## Records provided
________________________

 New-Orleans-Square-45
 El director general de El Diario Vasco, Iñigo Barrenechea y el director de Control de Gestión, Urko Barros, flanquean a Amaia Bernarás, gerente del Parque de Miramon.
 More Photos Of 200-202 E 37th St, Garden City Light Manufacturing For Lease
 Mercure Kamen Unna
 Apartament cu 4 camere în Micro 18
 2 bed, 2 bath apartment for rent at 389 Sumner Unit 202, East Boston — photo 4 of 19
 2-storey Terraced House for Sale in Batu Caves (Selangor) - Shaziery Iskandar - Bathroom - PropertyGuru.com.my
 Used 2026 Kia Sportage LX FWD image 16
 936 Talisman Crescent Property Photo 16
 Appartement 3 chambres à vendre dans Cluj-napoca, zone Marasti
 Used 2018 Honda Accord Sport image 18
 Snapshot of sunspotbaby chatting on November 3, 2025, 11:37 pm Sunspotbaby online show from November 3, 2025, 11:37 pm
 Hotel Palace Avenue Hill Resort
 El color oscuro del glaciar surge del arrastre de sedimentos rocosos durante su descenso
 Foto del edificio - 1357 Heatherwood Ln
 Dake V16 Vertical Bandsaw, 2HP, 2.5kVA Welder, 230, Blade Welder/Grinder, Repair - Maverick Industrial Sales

________________________

Quote the records above from their first line through the line containing "Mercure Kamen Unna", both ends included.

## Response below
 New-Orleans-Square-45
 El director general de El Diario Vasco, Iñigo Barrenechea y el director de Control de Gestión, Urko Barros, flanquean a Amaia Bernarás, gerente del Parque de Miramon.
 More Photos Of 200-202 E 37th St, Garden City Light Manufacturing For Lease
 Mercure Kamen Unna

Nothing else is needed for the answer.